Improving GitHub Flow with Slackbot

Mat Malkowski
Agoda Engineering & Design

--

Working with GitHub flow, merging pull requests (PRs) back to master branch, seems like a straightforward way of managing your repository and delivery. But it’s not as trivial as it may first appear, especially as your organization grows larger, requiring Continuous Integration (CI) checks such as tests that may take a significant time to execute. We would like to share our approach to solving some of the issues that we encountered with this workflow.

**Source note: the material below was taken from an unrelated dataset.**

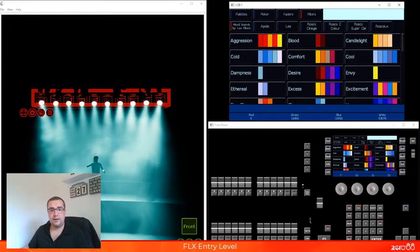But that's color. Color is given to you in the form of the palettes, the picker, the faders, and the filters. Those are the four ways in which we control our color. Any method is right — no method is wrong — and you can go ahead and use any one of those at any time.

GitHub Flow, and some manual work around it

When I joined Agoda back in 2016, the front-end department had around 80 developers. We all worked on the same GitHub repository, trying to deliver as many new stories as possible. There was already a basic CI system in place. We used TeamCity to build our code, execute unit tests, mocha tests for client side code, and some integration tests as part of Selenium suite. All of those steps were reported back to GitHub, which published a status check that indicated that our pull request had passed and was safe to merge to the master branch. The entire build took around 40 minutes to execute. Once a PR received a successful status a green merge button on GitHub was clicked by developer to merge it to master (yes, every front-end developer could merge to master!).

Your PR is ready to merge!

This setup would work perfectly for a small team, when we didn’t need to merge PRs several times per day. But in our case, with almost 100 developers working on the same code base, there had to be a merge queue. The reason? You can have 2 PRs, that work perfectly fine in isolation and pass the build, but when combined they fail in some way after that merge. That’s why we introduced the merge queue at Agoda — once their pull requests was “green” and ready to merge, the developer would queue it up, so all required checks would be re-run after all PRs ahead of them in the queue had been merged. This way, we ensure, that our code was always validated against the latest master branch.

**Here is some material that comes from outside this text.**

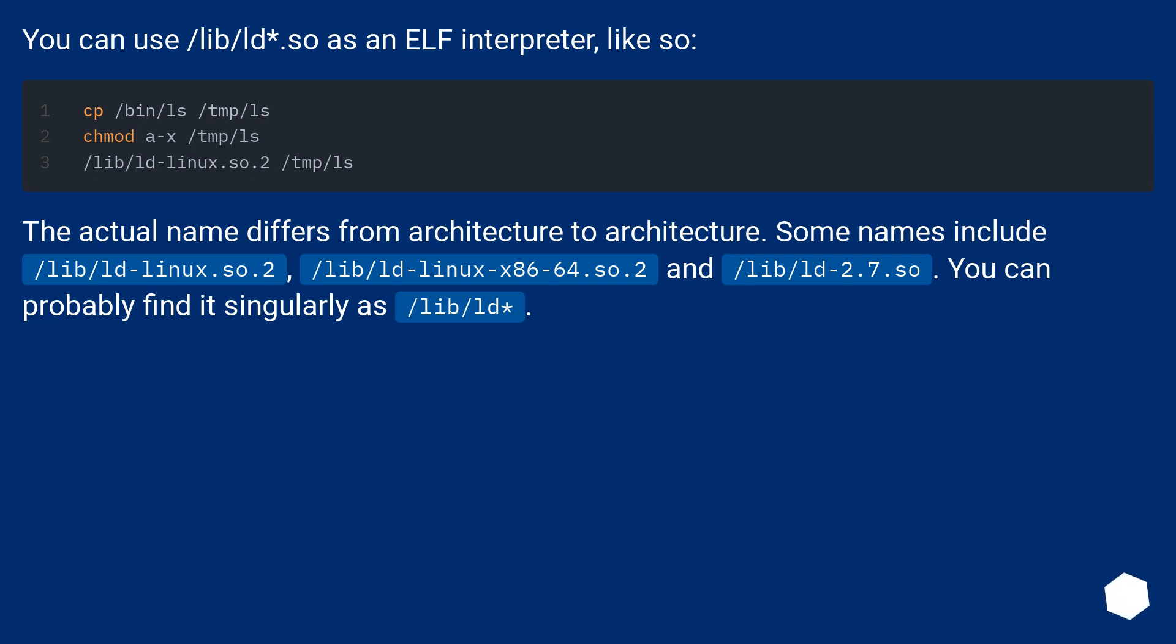/lib/ld-linux.so.2, /lib/ld-linux-x86-64.so.2, and /lib/ld-2.7.so. You can probably find it singularly as /lib/ld.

Handling the queue manual way

The implementation of the queue was quite simple: on our #fe-deployment slack channel, there would be a list of PR numbers and slack nicknames representing the current state of the queue. To enqueuer your PR you just copy the latest queue state, add your PR number with your slack name at the end, and paste it back to the same channel. You are first in the queue? Merge down from origin/master to get the latest changes, wait for the TeamCity to complete the build, and hit the merge button once it’s done! Oh, and don’t forget, message the next person in the queue!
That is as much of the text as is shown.